**Work required:** Please repeat, exactly as written, every line from the one containing "ZONADAH 3 mm" through the last line of the records, both included, and leave out any pictures.

**Data supplied:**
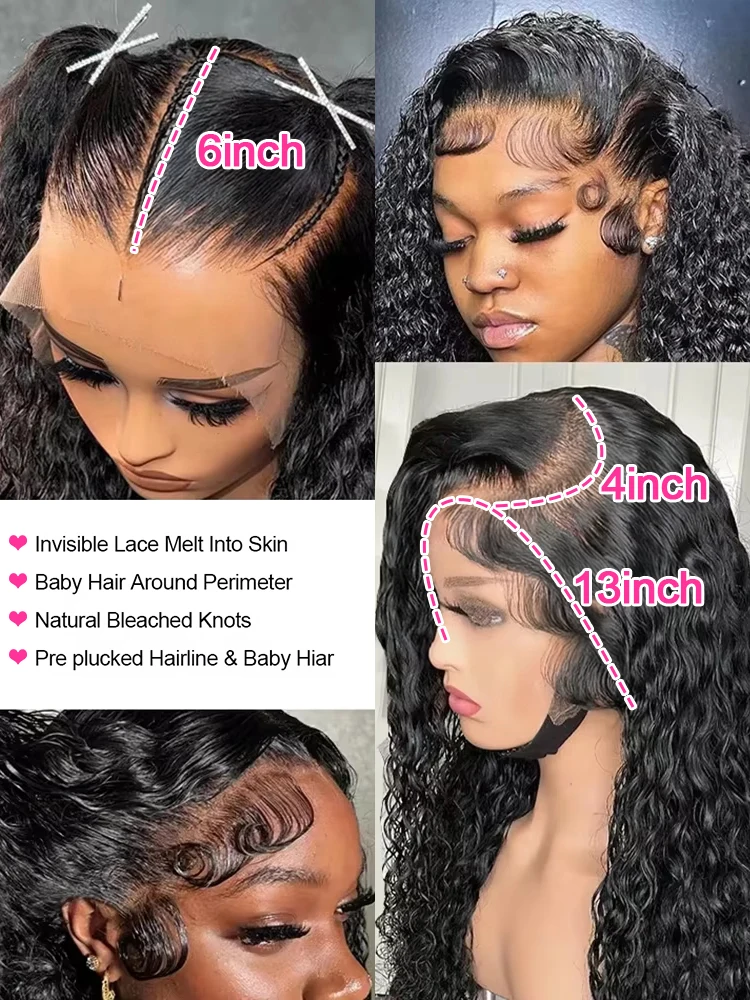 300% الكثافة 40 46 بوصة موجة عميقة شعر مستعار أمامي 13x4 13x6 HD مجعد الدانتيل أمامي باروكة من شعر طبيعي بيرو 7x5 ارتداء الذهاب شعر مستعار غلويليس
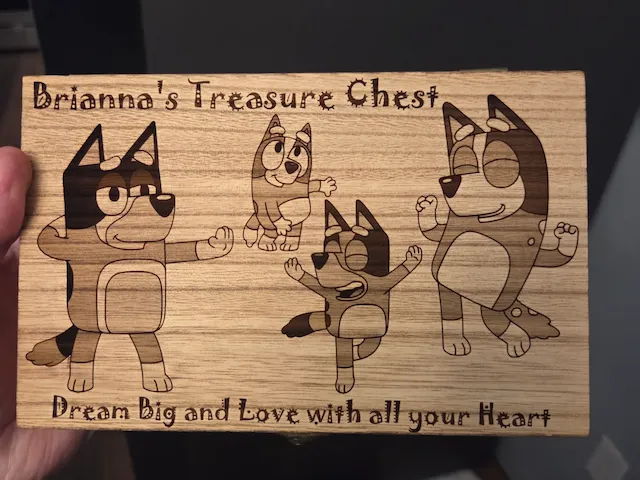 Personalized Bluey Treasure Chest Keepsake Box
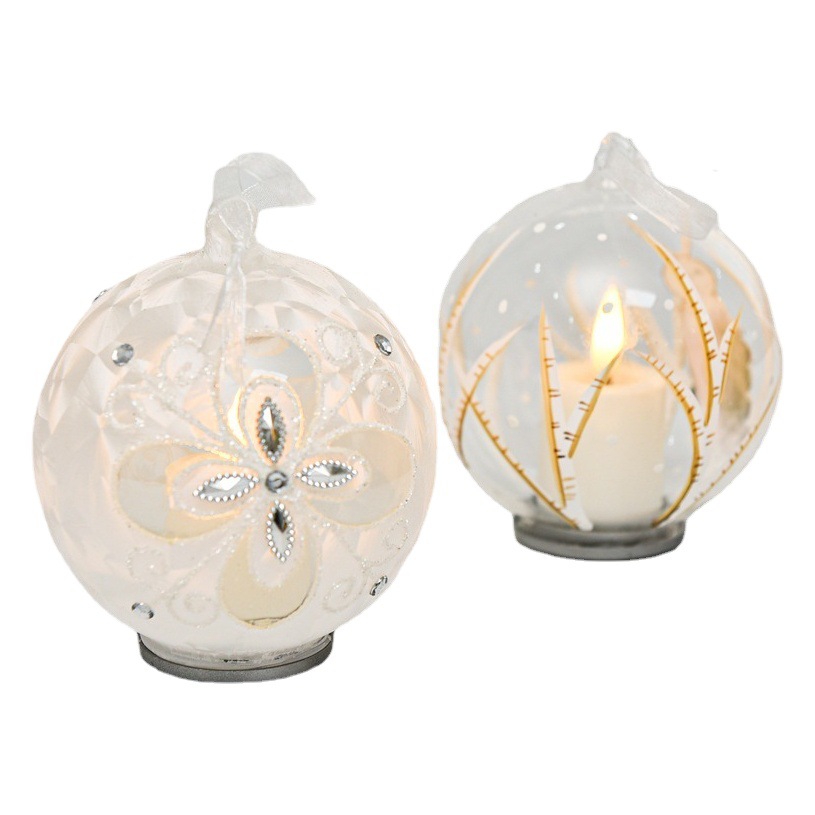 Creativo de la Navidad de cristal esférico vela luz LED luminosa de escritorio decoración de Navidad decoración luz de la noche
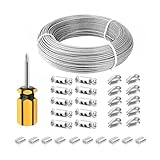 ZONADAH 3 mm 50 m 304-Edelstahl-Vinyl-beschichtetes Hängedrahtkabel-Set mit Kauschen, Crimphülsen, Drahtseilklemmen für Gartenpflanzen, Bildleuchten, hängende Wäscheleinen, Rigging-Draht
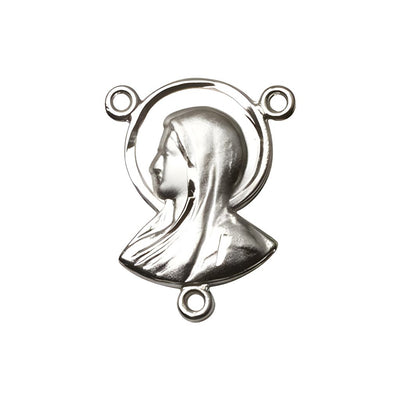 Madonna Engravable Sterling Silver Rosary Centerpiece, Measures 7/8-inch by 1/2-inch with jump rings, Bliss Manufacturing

**Solved exercise:**
 ZONADAH 3 mm 50 m 304-Edelstahl-Vinyl-beschichtetes Hängedrahtkabel-Set mit Kauschen, Crimphülsen, Drahtseilklemmen für Gartenpflanzen, Bildleuchten, hängende Wäscheleinen, Rigging-Draht
 Madonna Engravable Sterling Silver Rosary Centerpiece, Measures 7/8-inch by 1/2-inch with jump rings, Bliss Manufacturing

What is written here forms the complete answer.